PROBLEM » Where a picture appears, skip it; print everything else in the records exactly as it stands.

GIVEN INFORMATION »
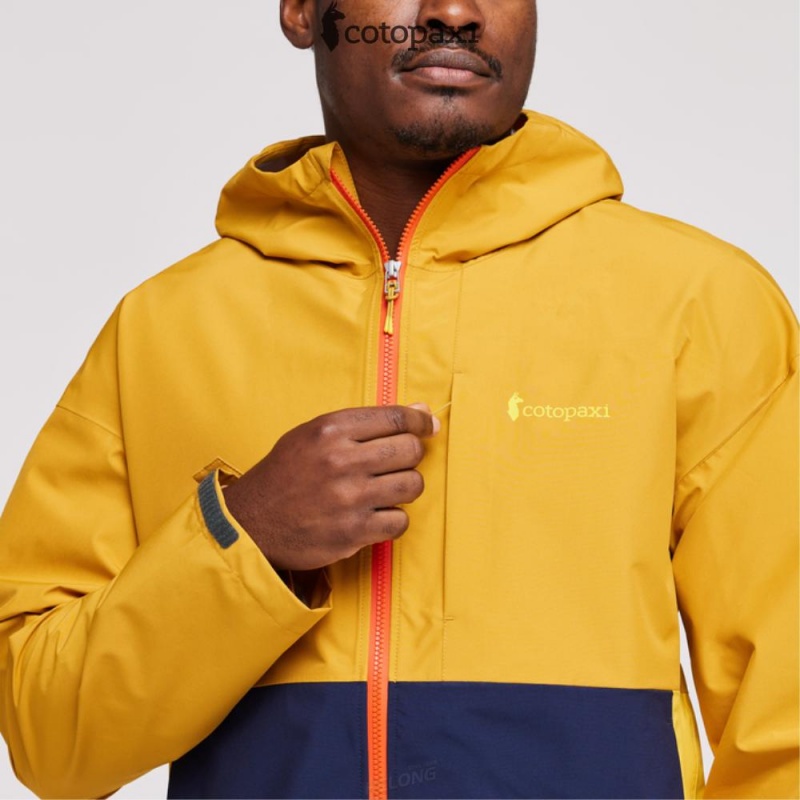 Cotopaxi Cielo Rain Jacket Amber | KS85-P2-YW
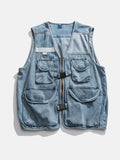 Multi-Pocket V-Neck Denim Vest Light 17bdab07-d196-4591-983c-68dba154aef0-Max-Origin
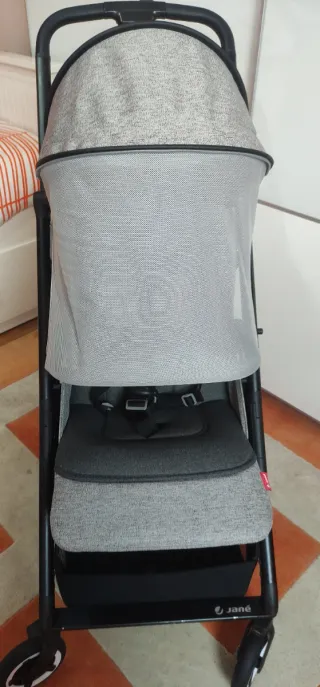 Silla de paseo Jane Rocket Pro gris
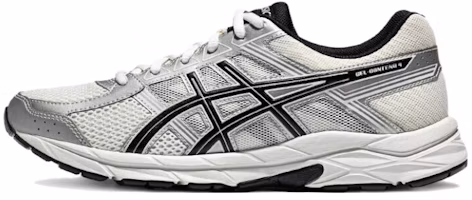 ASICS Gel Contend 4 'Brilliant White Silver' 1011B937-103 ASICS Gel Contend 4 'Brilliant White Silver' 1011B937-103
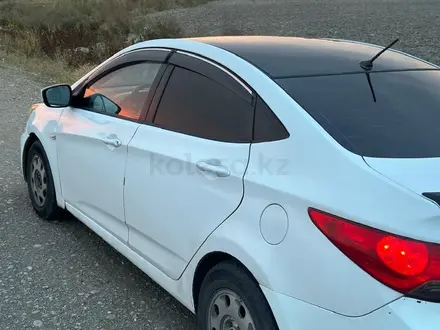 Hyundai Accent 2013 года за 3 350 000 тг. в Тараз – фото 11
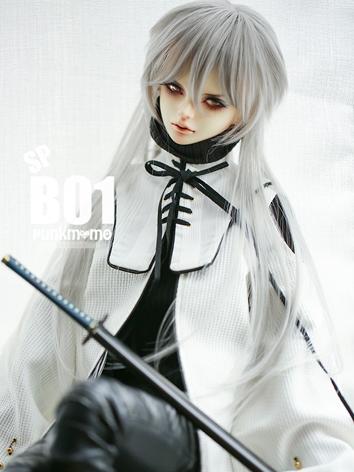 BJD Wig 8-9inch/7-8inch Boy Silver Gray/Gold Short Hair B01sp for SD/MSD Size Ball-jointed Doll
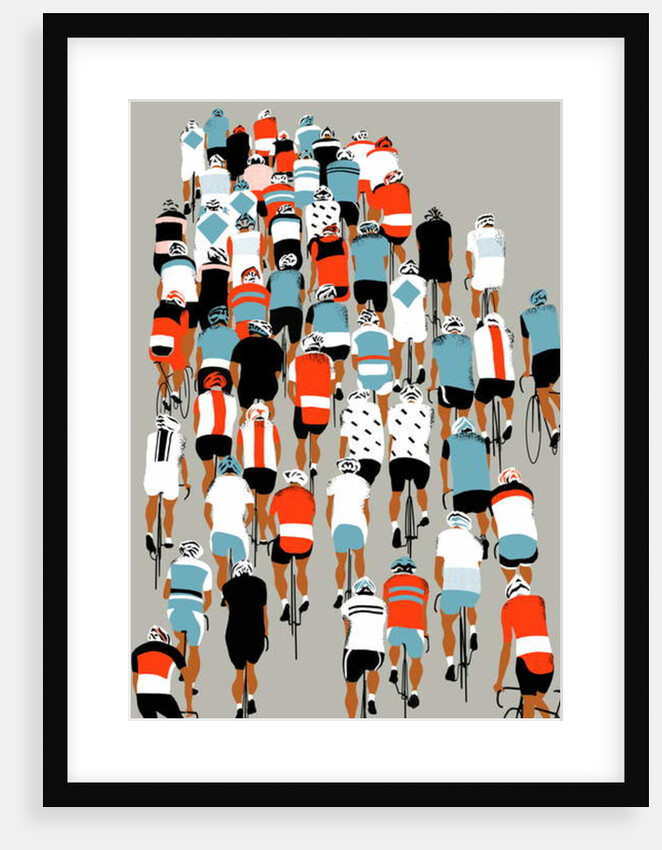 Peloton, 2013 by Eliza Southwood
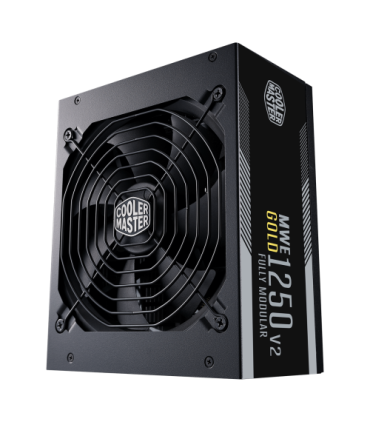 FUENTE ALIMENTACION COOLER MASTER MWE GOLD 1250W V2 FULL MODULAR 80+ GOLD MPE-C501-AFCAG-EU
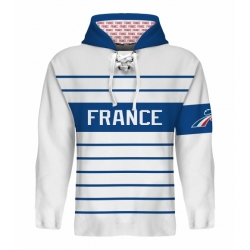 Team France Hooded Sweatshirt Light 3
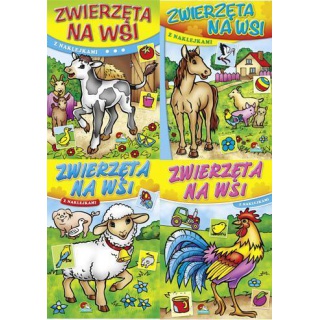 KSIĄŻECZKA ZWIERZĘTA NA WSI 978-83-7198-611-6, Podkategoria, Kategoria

TASK ANSWER »
 Cotopaxi Cielo Rain Jacket Amber | KS85-P2-YW
 Multi-Pocket V-Neck Denim Vest Light 17bdab07-d196-4591-983c-68dba154aef0-Max-Origin
 Silla de paseo Jane Rocket Pro gris
 ASICS Gel Contend 4 'Brilliant White Silver' 1011B937-103 ASICS Gel Contend 4 'Brilliant White Silver' 1011B937-103
 Hyundai Accent 2013 года за 3 350 000 тг. в Тараз – фото 11
 BJD Wig 8-9inch/7-8inch Boy Silver Gray/Gold Short Hair B01sp for SD/MSD Size Ball-jointed Doll
 Peloton, 2013 by Eliza Southwood
 FUENTE ALIMENTACION COOLER MASTER MWE GOLD 1250W V2 FULL MODULAR 80+ GOLD MPE-C501-AFCAG-EU
 Team France Hooded Sweatshirt Light 3
 KSIĄŻECZKA ZWIERZĘTA NA WSI 978-83-7198-611-6, Podkategoria, Kategoria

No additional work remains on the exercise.